By CONRAD BLACK, Special to the Sun, September 15, 2015
Republicans find themselves at the confluence of
two powerful political streams, a fortuitous occurrence complicated by
the fact that the streams are colliding, as if rolling inexorably toward
each other from two mighty sources diametrically opposite. The
Republicans have a lock on that vast mass of sensible Americans
disgusted with the incompetence, trumpery, cowardice, corruption, and
chicanery of the last 20 years: the Clinton scandals; the George W. Bush
malapropisms and fixation on democracy even where (Gaza, Lebanon,
Egypt) the democratic preference was the suppression of democracy; the
huge current-account deficits (about $10 trillion in that time);
trillions of dollars and scores of thousands of casualties and almost
the whole conventional military capability of the United States mired in
Middle Eastern wars for no gain except the removal of Iraq from Kuwait;
the housing bubble; the worst economic crisis in three whole
generations; official evasion on every major issue from abortion to
immigration to chronic wealth inequality; sleazy, rapacious politicians;
crumbling public education; insane and rabidly partisan health-care
reform; and a justice system that fattens the lawyers, terrorizes the
nation, and fails to prosecute big-business crooks.
For many months Senator Rubio could not utter two paragraphs in a public place without declaiming that the United States is “the greatest country in human history.” Of course, in some ways it is, but in many ways, Donald Trump is also correct that “We can’t do anything right. . . . We’re being swindled by everybody. . . . We’re a laughingstock. . . . Our foreign policy is a disaster run by dummies.” The greatest nation in history has become, to borrow a phrase from the great Peggy Noonan, in another context, also a “bumsquat Egypt” type of country, and Americans are right to be mad as hell about it.
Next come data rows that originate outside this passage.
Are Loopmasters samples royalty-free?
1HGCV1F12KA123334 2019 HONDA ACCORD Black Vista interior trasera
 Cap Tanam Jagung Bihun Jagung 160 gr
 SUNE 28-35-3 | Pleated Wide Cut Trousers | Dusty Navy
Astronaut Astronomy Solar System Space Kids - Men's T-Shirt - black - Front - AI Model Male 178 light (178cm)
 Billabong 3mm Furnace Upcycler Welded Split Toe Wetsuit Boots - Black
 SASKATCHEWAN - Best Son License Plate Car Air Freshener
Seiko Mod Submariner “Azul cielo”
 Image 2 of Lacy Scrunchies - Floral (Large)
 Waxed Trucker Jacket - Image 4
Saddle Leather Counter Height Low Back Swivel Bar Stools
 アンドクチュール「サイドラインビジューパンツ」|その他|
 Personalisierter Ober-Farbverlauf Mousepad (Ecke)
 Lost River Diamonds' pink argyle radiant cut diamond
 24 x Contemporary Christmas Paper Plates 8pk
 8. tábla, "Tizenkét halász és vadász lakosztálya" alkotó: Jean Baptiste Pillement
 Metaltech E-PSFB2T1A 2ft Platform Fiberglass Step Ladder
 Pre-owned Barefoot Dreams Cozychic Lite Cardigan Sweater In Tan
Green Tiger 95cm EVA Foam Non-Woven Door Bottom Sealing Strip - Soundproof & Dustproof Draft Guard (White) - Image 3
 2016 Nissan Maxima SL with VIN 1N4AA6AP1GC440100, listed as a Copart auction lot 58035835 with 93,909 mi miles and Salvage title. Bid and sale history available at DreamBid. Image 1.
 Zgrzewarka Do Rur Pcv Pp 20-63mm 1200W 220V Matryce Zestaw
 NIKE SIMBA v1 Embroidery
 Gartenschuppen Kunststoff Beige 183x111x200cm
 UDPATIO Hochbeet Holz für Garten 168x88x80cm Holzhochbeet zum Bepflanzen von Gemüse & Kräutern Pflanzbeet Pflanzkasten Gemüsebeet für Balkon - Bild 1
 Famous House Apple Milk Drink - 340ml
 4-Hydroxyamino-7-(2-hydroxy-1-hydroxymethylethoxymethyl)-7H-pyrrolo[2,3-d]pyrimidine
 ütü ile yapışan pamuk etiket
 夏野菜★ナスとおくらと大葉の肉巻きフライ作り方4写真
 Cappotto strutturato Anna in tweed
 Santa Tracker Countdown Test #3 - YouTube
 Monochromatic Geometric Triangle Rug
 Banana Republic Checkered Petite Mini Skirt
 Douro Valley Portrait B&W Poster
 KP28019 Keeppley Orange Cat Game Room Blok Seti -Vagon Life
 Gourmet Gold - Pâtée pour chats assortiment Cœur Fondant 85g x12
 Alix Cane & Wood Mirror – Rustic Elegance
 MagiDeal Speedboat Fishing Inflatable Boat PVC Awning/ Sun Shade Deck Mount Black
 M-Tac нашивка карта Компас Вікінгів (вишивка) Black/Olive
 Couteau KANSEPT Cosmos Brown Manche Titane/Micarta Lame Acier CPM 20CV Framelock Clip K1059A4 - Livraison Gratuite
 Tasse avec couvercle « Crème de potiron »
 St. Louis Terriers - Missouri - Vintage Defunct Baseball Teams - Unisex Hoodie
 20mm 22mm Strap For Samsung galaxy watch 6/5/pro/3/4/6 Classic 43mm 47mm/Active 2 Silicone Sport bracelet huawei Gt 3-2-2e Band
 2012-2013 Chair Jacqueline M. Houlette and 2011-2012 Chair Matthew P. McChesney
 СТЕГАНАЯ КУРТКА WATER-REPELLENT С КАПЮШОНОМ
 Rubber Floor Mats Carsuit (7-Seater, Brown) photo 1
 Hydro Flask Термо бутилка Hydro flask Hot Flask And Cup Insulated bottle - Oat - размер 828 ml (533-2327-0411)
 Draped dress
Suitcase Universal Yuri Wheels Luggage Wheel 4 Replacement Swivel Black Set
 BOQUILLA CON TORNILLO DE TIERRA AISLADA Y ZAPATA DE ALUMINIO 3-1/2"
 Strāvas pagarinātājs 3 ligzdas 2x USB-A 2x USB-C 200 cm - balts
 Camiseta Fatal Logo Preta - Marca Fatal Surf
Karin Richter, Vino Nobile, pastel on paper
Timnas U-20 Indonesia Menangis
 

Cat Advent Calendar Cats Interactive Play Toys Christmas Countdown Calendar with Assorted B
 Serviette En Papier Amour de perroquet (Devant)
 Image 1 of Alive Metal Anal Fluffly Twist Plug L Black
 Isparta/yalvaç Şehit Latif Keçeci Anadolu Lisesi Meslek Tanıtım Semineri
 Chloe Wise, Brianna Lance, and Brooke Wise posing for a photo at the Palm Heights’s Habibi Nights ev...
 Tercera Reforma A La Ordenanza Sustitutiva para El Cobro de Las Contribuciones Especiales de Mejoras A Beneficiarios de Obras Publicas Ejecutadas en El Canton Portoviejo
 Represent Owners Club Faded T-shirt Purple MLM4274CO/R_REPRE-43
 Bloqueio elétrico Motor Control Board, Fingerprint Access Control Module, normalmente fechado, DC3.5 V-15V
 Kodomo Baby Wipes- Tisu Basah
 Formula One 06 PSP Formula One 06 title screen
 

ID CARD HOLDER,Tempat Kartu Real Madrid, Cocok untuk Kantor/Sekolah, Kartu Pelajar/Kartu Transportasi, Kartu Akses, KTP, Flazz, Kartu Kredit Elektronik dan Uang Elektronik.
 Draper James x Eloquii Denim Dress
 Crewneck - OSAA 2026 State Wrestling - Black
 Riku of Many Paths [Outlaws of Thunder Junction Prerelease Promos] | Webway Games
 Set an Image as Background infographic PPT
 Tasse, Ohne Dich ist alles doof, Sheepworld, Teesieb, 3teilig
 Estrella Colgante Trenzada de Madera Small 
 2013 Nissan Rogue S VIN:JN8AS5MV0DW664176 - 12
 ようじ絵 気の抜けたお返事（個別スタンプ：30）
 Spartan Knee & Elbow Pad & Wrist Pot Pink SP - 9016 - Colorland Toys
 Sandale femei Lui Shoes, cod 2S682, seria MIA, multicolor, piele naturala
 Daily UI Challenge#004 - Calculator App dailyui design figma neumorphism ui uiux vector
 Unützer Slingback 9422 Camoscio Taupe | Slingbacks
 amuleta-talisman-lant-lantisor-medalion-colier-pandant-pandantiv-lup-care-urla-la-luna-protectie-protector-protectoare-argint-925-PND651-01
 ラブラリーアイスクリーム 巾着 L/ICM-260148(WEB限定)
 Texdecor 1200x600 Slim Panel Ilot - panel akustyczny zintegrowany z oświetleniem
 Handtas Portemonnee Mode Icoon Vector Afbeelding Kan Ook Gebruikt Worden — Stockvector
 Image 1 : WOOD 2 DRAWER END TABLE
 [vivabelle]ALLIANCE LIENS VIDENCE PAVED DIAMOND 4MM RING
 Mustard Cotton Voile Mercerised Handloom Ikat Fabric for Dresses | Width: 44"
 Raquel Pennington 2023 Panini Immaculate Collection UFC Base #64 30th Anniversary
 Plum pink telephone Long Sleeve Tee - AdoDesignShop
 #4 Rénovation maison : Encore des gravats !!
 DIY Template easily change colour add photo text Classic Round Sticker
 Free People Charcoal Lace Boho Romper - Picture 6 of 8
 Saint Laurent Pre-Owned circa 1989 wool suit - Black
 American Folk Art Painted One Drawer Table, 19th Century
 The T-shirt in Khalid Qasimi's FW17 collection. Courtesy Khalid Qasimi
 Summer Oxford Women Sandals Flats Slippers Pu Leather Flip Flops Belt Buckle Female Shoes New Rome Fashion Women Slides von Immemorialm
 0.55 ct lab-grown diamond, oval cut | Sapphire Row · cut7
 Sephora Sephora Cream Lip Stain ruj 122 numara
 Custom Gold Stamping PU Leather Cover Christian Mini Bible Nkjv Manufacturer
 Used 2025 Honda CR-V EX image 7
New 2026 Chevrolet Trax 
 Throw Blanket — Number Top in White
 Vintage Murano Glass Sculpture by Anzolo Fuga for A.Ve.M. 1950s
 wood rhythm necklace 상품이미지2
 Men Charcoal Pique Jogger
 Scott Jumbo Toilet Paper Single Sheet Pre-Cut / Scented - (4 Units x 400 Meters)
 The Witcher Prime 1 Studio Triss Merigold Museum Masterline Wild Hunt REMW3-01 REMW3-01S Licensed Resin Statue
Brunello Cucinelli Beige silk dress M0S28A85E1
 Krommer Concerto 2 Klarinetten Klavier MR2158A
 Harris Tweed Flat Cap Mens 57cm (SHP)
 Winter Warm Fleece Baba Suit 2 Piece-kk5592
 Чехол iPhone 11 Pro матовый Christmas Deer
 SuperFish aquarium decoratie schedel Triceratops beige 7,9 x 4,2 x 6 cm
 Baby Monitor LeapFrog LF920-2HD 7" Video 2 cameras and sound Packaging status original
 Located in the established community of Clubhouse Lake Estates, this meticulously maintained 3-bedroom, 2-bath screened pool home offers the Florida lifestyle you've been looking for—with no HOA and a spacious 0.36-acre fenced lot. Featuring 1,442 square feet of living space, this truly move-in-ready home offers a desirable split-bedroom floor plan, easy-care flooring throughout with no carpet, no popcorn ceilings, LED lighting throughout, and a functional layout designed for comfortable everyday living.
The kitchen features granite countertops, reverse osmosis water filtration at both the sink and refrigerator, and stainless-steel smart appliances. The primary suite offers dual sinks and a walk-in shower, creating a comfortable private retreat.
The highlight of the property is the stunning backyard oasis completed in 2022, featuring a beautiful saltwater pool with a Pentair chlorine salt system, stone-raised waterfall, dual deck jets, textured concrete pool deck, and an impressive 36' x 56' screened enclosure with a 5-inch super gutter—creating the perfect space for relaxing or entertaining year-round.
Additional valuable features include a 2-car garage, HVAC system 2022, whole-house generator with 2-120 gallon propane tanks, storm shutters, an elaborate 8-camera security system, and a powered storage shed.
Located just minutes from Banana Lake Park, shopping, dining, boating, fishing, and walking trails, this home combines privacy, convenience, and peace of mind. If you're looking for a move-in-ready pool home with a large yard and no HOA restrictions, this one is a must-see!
Mr. Rubio cannot really dispute the accuracy of most of what Mr. Trump says, and the old chestnut that “America’s greatest days are ahead of it” is little heard in this campaign and would not resonate well even with what is left of Norman Rockwell-style Americans, wherever, in the bowels of the country, they may now reside.
The Economist, in its uncomprehending British sobriety, knowledgeable but laboriously serious, objects to Mr. Trump’s sexual references — not just his (outrageous) imputation of menstrual discomfort to the irresistible Megyn Kelly, but also his references to Democrats as “impotent” — as well as such an unceremonious debunking of the foreign-policy establishment as the description of them as “dummies.” But the Obama administration is impotent, and Secretary of State Kerry is a “dummy”; that is exactly what he is — that is le mot juste. Donald Trump has the charm of an Archie Bunker, straight-talk style and wit, with the credibility of an educated and successful businessman and promoter and showman.